Speaker
Description
Soft Gamma-Ray Repeaters and Anomalous X-ray Pulsars (SGR/AXPs) are isolated compact stars identified due to a characteristic quiescent soft X-ray emission as well as bursts events. They can also emit in other energy ranges, from radio up to hard X-rays. Their nature is still a question for debate, and several emission mechanisms have been proposed, such as neutron star (NS) with a super-strong decaying magnetic field (magnetar model), accreting NSs, white dwarf (WD) pulsars, and accreting WDs. Among its broad energy range, the infrared (IR) emission, exhibited by about 50 % of the class, is perhaps the least studied energy range.
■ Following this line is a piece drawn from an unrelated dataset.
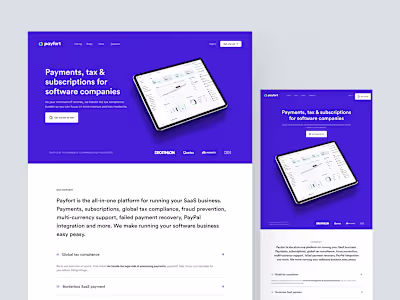 SaaS Website Design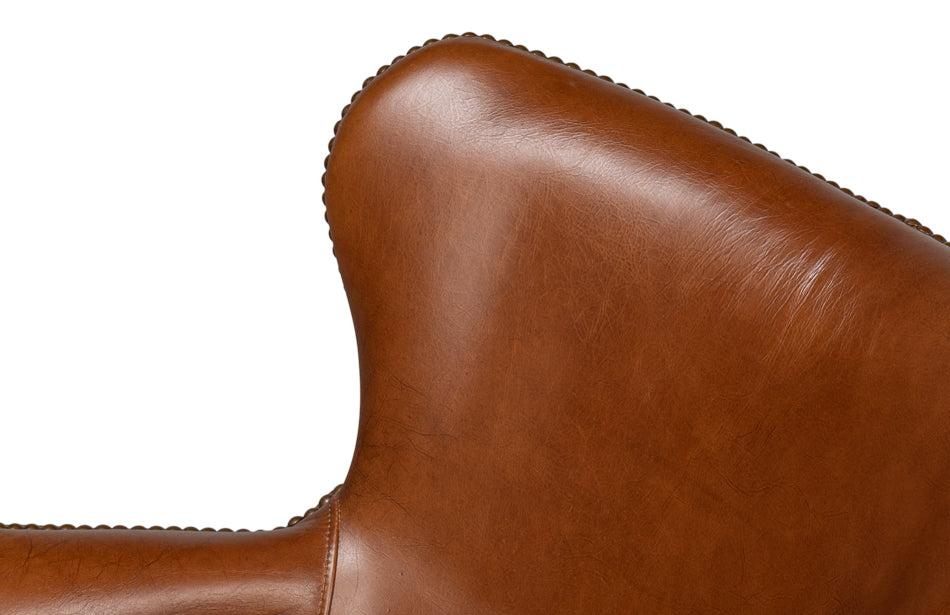 Andrew Jackson Desk Chairhavana Leather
For 4U 0142+61, this IR is well modeled by an irradiated disk, reinforced by an unconfirmed silicate feature around 9.5μm. Nonetheless, some authors still argues in favor of an IR magnetospheric emission for the class. Unfortunately, the classical approaches to distinguish between those two models (search for polarization and pulsed fractions) can be inconclusive. For this reason, we propose a different method: the search for a correlation between the luminosities in IR and X-rays that can be confronted with the expected correlation for a disk and magnetospheric models. Our results point out a correlation consistent with an irradiated disk.
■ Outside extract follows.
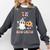 TK Boo Crew Retro Groovy Halloween Floral Ghost TK Teacher Men Women Kids Comfort Colors Sweatshirt Pepper TK Boo Crew Retro Groovy Halloween Floral Ghost TK Teacher Men Women Kids Comfort Colors Sweatshirt Pepper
This disk surrounding SGR\AXPs can open a different path to test SGR/AXPs origin. For instance, if the leftover of a supernova event formed the disk, it probably contains iron, silicon, oxygen, helium, and traces of hydrogen. On the other hand, if SGR\AXPs were WDs formed after a merger, the disk would contain mainly carbon and oxygen, with traces of other elements such as neon, magnesium, and silicon. In this sense, an IR spectroscopy of 4U 0142+61, the magnetar with the brightest quiescent emission, could give essential clues to the origin of the class.